THE TASK:
Report all lines from the entries below in which "Terrace" appears.

(Dataset records)
____

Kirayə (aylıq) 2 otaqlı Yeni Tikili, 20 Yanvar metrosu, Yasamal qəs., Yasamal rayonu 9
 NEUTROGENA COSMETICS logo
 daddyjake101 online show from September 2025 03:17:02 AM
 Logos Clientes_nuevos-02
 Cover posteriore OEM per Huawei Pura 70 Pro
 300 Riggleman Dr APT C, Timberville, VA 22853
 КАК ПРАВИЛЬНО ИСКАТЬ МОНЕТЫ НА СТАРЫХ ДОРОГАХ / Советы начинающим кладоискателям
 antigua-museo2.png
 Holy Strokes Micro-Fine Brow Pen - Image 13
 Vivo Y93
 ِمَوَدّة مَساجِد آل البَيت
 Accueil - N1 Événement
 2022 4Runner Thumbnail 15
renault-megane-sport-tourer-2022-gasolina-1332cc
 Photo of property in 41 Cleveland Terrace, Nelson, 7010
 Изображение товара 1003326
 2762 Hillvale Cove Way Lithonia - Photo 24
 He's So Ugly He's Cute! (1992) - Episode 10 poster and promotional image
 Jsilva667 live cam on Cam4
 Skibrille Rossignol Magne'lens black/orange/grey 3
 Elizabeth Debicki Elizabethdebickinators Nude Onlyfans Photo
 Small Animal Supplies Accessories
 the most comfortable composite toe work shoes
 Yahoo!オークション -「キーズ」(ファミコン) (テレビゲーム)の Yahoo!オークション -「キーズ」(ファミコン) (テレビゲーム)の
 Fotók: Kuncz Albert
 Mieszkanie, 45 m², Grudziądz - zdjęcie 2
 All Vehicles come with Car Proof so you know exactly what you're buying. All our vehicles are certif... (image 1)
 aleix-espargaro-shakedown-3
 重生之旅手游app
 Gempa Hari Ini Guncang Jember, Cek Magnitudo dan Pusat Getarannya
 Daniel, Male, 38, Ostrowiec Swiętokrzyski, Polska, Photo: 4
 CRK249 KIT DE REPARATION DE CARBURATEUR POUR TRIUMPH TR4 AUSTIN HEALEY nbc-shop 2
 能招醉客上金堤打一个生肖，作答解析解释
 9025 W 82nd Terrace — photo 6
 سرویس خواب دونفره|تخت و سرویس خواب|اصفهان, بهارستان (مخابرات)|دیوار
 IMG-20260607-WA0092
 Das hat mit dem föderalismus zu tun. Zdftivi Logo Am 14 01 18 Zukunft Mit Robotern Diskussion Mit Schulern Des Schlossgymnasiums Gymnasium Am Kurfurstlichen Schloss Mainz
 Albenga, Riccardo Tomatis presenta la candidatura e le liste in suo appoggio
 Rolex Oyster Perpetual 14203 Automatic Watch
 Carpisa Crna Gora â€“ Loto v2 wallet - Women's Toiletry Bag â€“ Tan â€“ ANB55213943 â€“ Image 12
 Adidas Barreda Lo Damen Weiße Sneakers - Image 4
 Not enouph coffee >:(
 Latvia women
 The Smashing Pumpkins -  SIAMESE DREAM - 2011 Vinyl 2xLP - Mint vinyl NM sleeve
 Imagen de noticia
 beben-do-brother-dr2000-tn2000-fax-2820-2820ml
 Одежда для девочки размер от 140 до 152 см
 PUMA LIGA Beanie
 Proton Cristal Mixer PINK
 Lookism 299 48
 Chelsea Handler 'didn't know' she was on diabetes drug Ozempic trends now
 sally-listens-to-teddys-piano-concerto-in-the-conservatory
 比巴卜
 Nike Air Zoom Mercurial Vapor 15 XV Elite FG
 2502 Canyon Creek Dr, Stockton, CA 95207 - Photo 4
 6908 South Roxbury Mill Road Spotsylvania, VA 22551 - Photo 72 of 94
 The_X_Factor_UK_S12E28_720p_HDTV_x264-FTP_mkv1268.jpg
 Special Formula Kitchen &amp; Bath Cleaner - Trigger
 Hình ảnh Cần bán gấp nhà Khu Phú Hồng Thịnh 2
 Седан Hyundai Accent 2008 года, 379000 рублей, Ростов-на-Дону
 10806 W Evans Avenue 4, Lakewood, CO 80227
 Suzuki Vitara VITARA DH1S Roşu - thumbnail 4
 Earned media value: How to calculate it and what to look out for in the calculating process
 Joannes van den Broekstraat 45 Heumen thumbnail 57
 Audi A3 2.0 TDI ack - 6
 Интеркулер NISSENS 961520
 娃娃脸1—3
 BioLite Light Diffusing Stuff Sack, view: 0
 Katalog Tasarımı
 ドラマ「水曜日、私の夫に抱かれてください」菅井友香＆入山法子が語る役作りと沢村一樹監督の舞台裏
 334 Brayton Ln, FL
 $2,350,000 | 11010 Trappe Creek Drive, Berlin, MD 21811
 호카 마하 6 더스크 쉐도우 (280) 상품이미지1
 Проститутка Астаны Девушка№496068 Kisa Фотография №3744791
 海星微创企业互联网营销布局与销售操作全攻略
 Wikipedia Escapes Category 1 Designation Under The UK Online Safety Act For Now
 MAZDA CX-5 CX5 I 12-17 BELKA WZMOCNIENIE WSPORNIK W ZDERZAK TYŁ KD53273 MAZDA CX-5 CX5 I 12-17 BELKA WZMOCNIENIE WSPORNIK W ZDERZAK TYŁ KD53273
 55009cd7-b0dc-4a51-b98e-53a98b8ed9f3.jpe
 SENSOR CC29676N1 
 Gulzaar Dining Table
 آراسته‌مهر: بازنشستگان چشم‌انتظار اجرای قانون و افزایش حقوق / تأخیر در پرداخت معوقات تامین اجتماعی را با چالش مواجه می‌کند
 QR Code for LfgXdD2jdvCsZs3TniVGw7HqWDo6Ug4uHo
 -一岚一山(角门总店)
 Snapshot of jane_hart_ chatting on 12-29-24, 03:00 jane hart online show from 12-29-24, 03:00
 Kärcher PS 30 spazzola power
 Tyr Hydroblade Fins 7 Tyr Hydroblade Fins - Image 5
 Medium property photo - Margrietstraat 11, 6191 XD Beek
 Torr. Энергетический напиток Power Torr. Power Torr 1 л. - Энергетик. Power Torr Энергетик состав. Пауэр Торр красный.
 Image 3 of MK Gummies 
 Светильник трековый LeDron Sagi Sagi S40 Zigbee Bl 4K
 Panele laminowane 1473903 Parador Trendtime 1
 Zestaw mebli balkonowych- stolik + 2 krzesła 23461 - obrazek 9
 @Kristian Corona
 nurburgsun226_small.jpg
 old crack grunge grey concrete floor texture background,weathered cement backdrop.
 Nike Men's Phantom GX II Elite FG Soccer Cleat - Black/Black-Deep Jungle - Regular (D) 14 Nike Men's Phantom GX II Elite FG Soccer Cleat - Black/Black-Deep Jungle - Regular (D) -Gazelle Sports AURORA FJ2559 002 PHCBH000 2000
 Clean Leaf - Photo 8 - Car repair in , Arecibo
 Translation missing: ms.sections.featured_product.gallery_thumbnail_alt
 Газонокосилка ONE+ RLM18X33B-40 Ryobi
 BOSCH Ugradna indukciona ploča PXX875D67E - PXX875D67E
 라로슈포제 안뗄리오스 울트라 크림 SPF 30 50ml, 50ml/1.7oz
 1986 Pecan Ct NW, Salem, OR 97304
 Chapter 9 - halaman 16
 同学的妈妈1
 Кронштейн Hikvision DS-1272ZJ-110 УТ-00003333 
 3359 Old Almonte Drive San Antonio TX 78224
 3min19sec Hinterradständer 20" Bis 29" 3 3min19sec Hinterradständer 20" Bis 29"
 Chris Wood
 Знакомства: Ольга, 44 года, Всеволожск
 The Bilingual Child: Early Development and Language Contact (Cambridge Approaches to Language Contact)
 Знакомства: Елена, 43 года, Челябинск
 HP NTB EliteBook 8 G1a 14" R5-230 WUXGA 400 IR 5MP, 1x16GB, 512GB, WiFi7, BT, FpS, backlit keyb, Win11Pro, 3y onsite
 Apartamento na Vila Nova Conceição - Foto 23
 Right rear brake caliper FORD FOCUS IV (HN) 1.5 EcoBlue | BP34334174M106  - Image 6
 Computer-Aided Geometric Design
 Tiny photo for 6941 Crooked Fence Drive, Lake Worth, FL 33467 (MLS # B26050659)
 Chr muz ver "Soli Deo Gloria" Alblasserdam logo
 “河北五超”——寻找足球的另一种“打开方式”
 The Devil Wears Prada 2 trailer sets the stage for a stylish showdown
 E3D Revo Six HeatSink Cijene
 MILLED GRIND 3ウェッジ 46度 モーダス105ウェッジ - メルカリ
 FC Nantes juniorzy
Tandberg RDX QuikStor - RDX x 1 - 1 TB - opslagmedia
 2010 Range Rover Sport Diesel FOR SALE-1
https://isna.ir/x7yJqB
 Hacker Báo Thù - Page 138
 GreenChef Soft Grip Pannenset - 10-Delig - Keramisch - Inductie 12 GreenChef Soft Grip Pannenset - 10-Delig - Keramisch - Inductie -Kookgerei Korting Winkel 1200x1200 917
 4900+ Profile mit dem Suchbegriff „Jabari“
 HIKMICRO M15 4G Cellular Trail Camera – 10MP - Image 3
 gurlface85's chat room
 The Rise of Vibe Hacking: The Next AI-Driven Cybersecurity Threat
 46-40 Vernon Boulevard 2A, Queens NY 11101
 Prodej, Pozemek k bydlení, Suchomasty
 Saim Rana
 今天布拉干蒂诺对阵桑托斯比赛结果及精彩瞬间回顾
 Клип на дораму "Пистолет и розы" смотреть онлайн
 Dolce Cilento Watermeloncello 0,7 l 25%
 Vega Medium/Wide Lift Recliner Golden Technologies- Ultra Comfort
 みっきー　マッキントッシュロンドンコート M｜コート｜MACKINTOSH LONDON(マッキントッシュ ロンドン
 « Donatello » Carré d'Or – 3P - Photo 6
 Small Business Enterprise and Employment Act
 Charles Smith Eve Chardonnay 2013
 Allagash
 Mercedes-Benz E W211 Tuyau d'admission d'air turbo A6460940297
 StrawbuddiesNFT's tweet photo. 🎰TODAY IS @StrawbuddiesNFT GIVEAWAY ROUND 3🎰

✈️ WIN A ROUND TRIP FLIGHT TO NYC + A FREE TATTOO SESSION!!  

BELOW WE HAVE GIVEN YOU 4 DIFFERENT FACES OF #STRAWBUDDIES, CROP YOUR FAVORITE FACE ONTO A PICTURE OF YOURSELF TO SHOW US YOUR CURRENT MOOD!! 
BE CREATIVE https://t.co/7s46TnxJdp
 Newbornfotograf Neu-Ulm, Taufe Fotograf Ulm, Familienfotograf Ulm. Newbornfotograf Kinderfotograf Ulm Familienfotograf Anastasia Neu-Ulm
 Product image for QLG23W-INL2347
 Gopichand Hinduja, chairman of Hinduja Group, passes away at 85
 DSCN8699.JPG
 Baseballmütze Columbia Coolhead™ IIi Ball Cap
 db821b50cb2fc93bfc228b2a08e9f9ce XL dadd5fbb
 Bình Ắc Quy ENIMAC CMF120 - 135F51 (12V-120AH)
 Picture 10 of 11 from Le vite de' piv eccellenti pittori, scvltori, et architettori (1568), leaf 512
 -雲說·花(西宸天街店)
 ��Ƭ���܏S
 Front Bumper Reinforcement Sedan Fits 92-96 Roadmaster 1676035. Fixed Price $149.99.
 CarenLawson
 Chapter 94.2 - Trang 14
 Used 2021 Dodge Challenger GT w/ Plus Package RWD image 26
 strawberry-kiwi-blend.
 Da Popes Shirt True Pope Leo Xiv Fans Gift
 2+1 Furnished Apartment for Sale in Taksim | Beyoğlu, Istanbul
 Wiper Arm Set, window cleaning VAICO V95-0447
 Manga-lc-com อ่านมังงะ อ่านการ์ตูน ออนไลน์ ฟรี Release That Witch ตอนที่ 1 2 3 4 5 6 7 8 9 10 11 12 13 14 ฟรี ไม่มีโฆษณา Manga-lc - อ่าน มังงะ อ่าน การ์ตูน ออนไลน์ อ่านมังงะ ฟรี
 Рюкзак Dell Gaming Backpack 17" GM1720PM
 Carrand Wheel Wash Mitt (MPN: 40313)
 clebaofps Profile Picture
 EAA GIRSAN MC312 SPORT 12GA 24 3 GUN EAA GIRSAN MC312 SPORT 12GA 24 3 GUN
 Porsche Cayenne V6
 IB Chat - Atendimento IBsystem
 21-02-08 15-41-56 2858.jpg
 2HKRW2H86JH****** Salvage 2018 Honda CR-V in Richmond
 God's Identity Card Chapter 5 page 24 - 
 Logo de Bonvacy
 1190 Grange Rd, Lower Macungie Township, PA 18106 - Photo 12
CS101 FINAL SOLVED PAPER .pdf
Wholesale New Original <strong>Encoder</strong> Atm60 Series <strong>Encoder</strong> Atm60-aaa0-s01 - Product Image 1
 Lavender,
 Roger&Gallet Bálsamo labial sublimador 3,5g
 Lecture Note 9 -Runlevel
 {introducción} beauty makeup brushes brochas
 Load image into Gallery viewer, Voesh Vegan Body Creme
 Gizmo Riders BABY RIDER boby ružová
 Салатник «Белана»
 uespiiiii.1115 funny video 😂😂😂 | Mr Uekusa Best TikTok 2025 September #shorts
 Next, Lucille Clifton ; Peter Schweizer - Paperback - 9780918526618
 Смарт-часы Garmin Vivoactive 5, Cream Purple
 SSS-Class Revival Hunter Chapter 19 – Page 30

____

TASK ANSWER:
 Photo of property in 41 Cleveland Terrace, Nelson, 7010
 9025 W 82nd Terrace — photo 6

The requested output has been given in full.